At 9.30am on a crisp winter's day there are no ladies in the Ladies' Bar at the Chelsea Arts Club. A log fire glows in the grate, flickering on framed cartoons from the past hundred years, hung on warm red walls. Max Mosley, son of Oswald, leader of the British Union of Fascists during the war, arrives promptly for our meeting and looks around with approval. A trim, handsome man of 68 and dressed with neat, understated casualness, he exudes confidence and charm.

He's needed a lot of both over the past nine months. Last week the veteran Scottish Formula One champion Jackie Stewart called for Mosley's removal from his post as president of the FIA, the body that runs motor racing, to make way for a more "modern" style of direction. This is not the first time Stewart has called for him and Bernie Ecclestone to be removed, as Mosley drily points out. Previously he has said he is tired and won't stay beyond the expiry of his contract this year, but apparently he's changed his mind. Today, he does not encourage questions on the subject.

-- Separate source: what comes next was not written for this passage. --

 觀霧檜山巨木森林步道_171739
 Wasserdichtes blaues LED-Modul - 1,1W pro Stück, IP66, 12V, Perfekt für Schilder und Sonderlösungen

In March last year, the News of the World paid a woman to make a clandestine video of a private party Mosley held in a Chelsea basement. He and five women, each paid £500, gathered to engage in a session of sado-masochistic role-playing. The result was a front-page News of the World headline, "F1 BOSS HAS SICK NAZI ORGY WITH 5 HOOKERS", complete with a video of the event on its website.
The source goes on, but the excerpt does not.